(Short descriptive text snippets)
..........

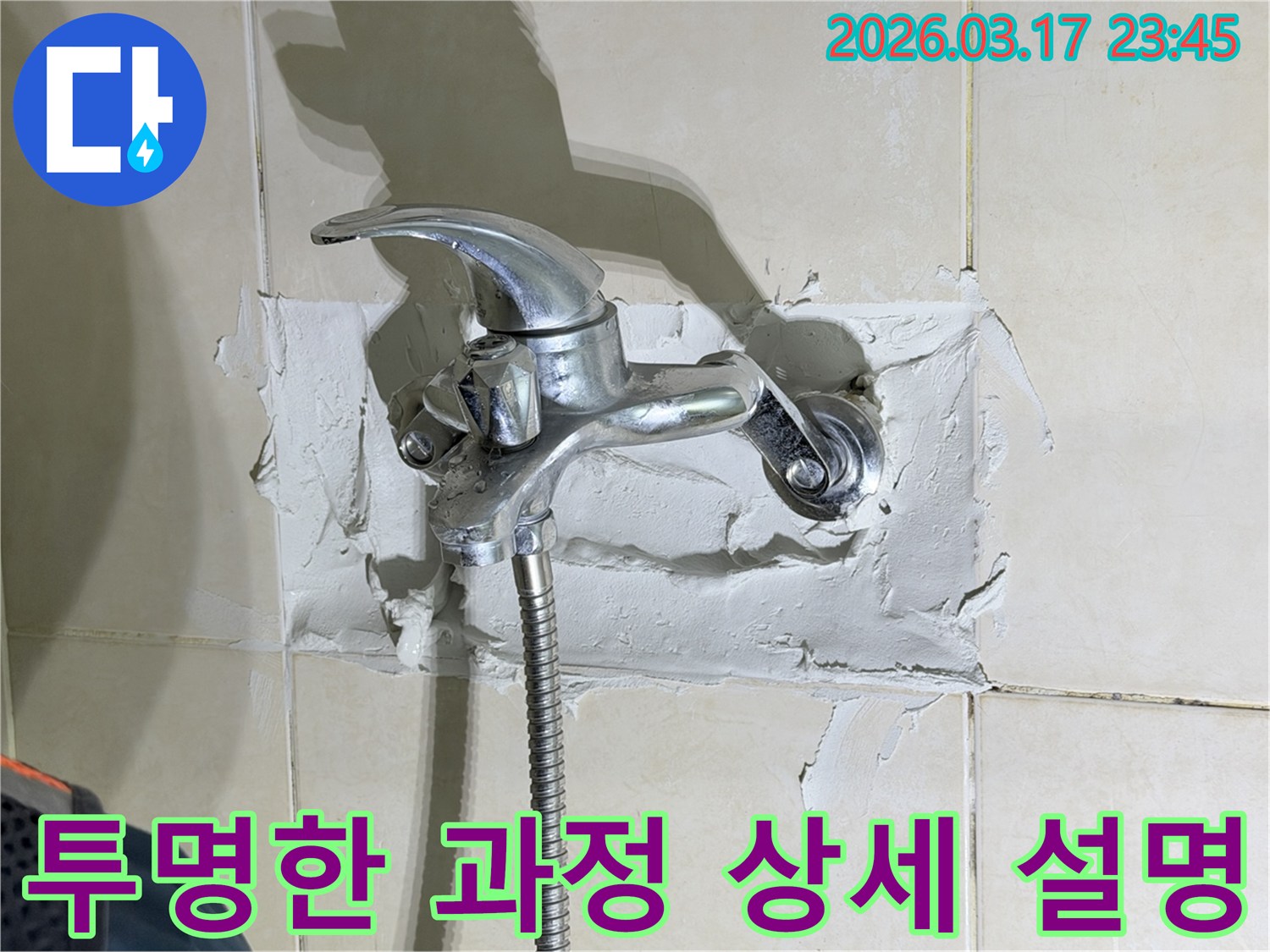 이 이미지는-욕실 수전-주변의-누수 현장을-진단하고-해결하는-과정을-고객에게-투명하게-설명하는-전문가의-모습을-보여줍니다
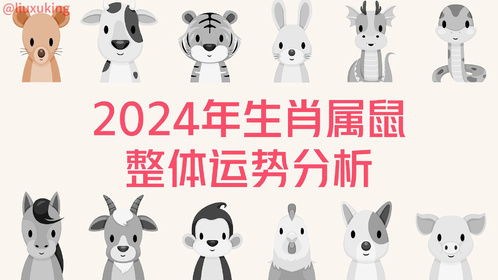 （四）牛属（丑）——翻身仗中的桃花与职场双丰收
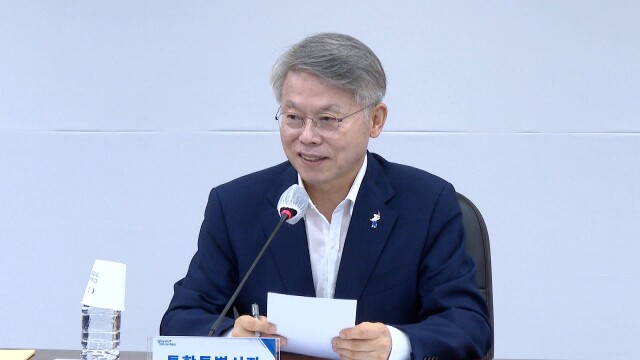 민형배 시장 "조직개편·국립의대·정책통합 차질 없이 추진"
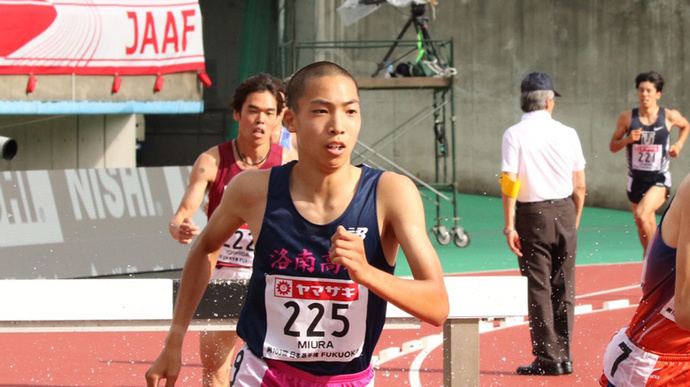 【第103回日本選手権レビュー】男子3000mSCで高校新記録を出した三浦龍司選手！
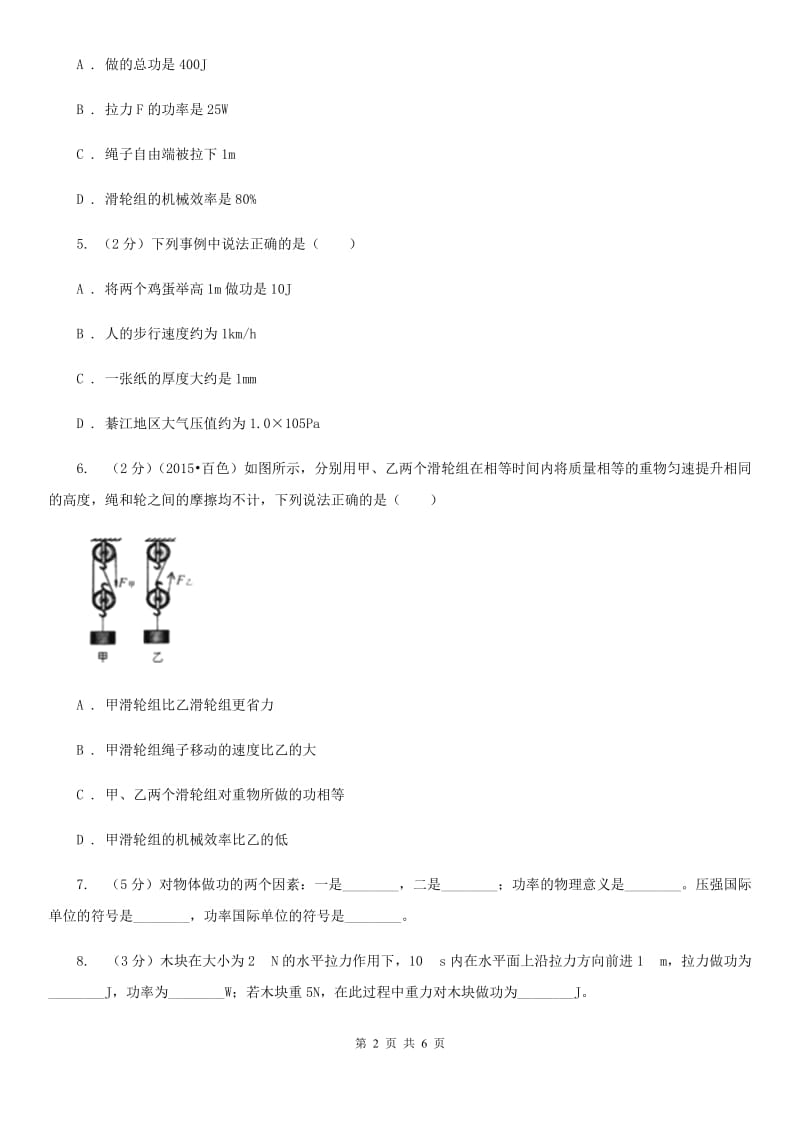 教科版初中物理八年级下册11.2功率练习题.doc_第2页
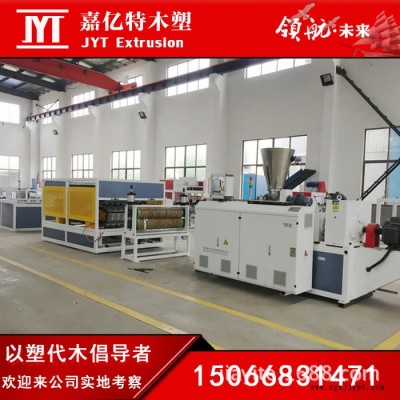 河北**ASA+PVC合成树脂瓦生产线/多层共挤树脂瓦设备制造商图2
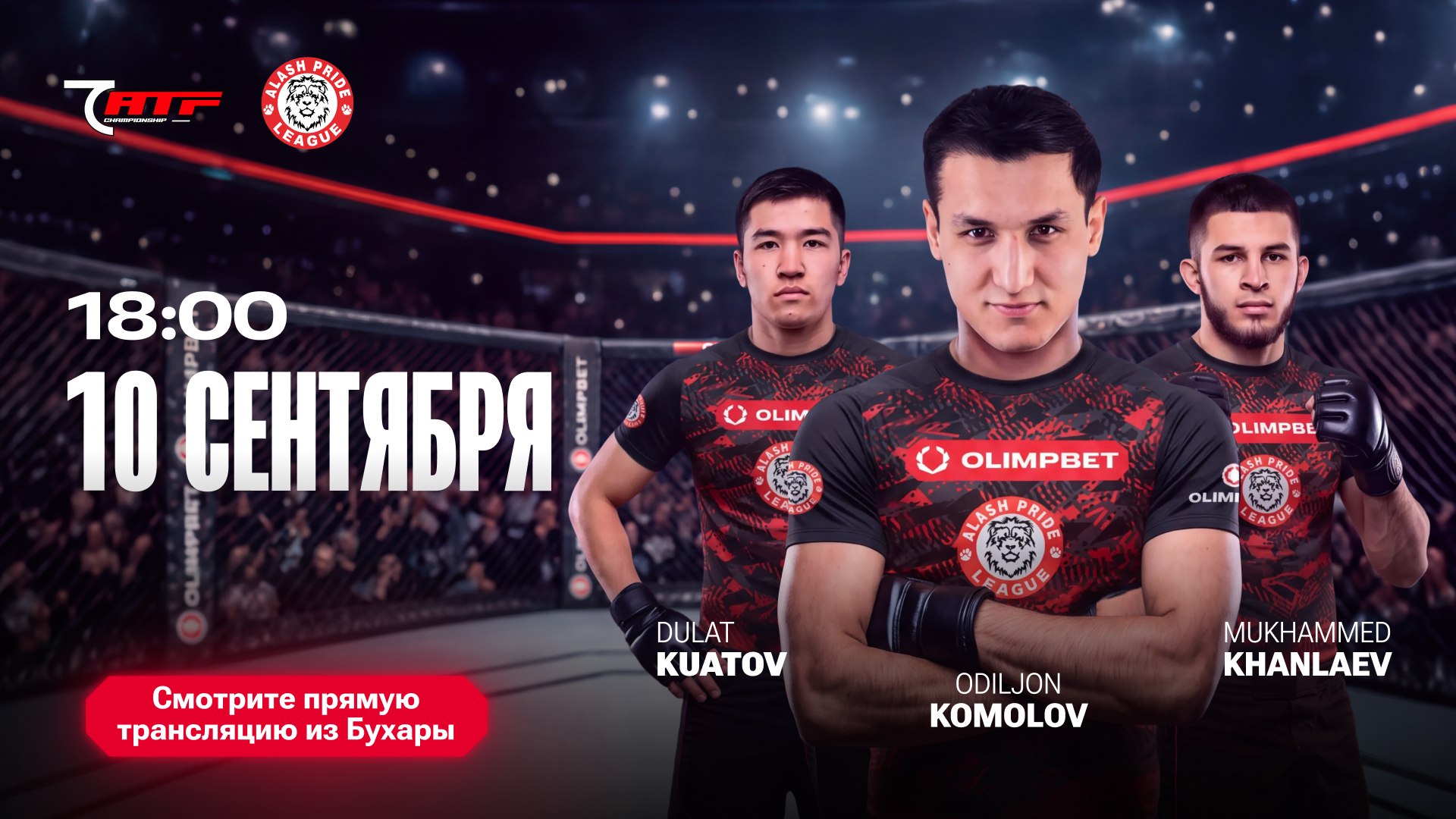 🇺🇿 Камолов в 𝐀𝐥𝐚𝐬𝐡 𝐏𝐫𝐢𝐝𝐞🔥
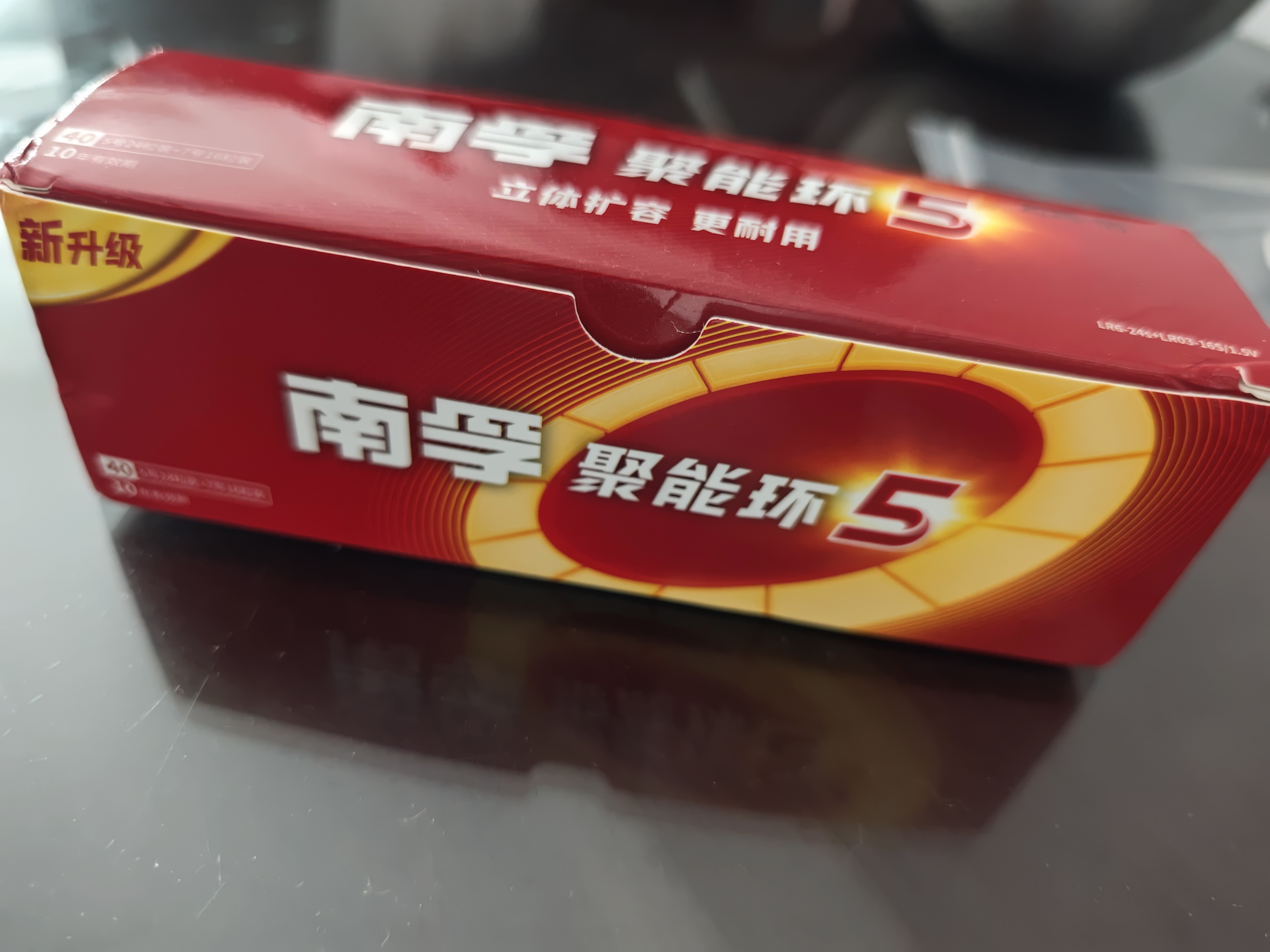 南孚5号24粒+7号16粒电池 混合装碱性聚能环5代40粒家庭装适用耳温枪/血糖仪/无线鼠标/遥控器/挂钟等 实拍图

..........

## Brief
Each line from the one that holds "教科版初中物理八年级下册11.2功率练习题.doc_第2页" through the final line of the data must be retyped exactly; the pictures must not appear.

## Task answer
 教科版初中物理八年级下册11.2功率练习题.doc_第2页
 河北**ASA+PVC合成树脂瓦生产线/多层共挤树脂瓦设备制造商图2
 🇺🇿 Камолов в 𝐀𝐥𝐚𝐬𝐡 𝐏𝐫𝐢𝐝𝐞🔥
 南孚5号24粒+7号16粒电池 混合装碱性聚能环5代40粒家庭装适用耳温枪/血糖仪/无线鼠标/遥控器/挂钟等 实拍图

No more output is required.